_Problem statement_. Your task is to extract every entry that follows word for word while excluding the pictures.

_Data for the task_.
BEGIN
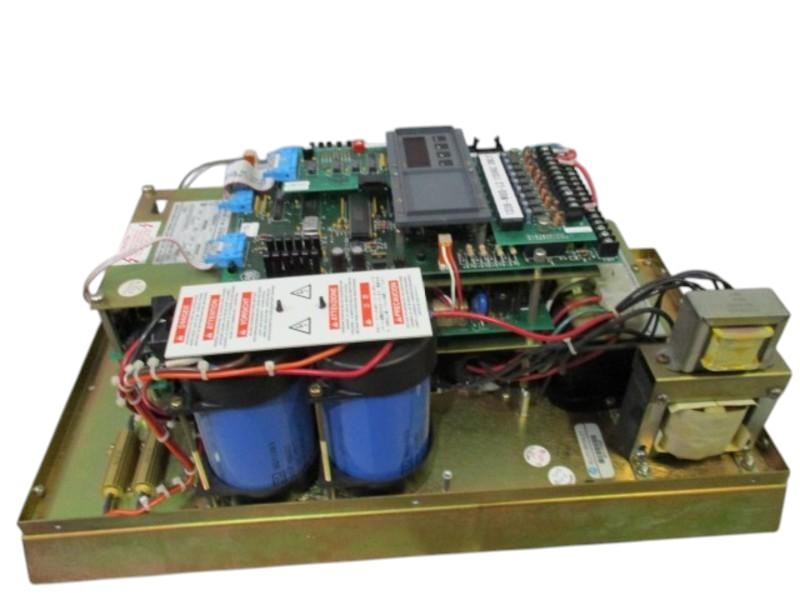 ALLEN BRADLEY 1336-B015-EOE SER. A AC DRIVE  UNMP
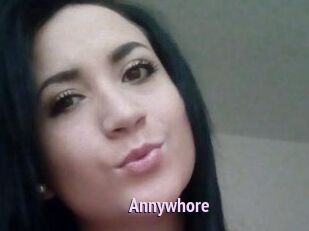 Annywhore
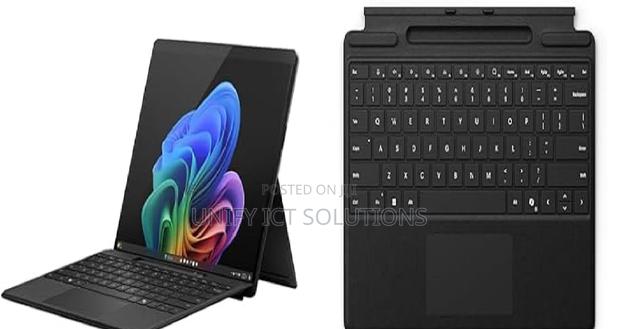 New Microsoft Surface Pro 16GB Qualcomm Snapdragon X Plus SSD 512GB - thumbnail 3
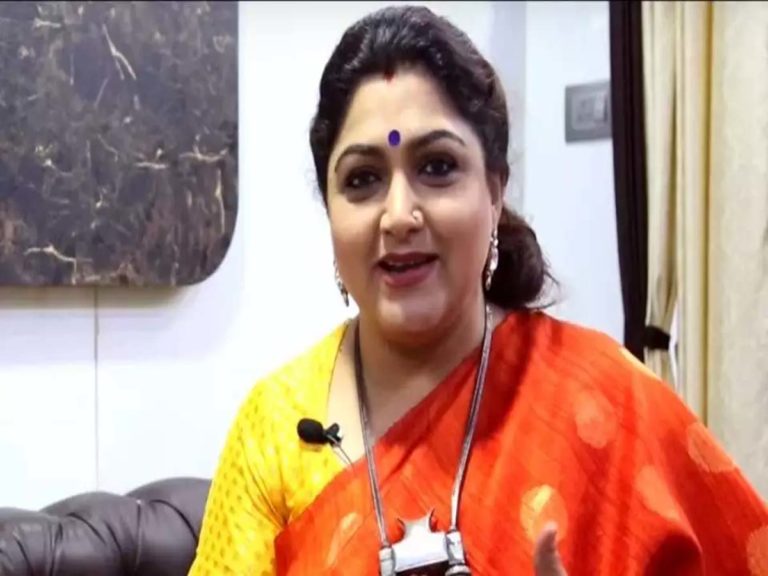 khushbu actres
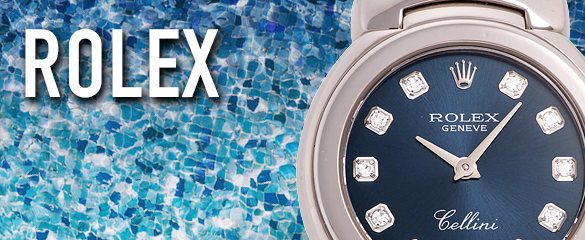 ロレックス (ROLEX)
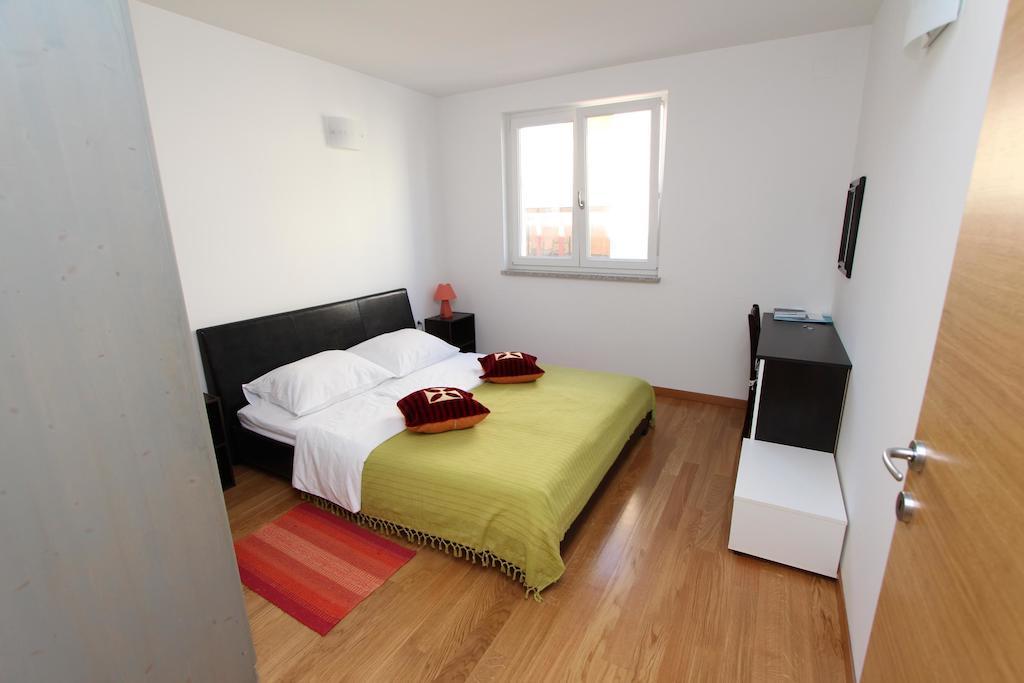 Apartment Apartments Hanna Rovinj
END
_Task answer_.
 ALLEN BRADLEY 1336-B015-EOE SER. A AC DRIVE  UNMP
 Annywhore
 New Microsoft Surface Pro 16GB Qualcomm Snapdragon X Plus SSD 512GB - thumbnail 3
 khushbu actres
 ロレックス (ROLEX)
 Apartment Apartments Hanna Rovinj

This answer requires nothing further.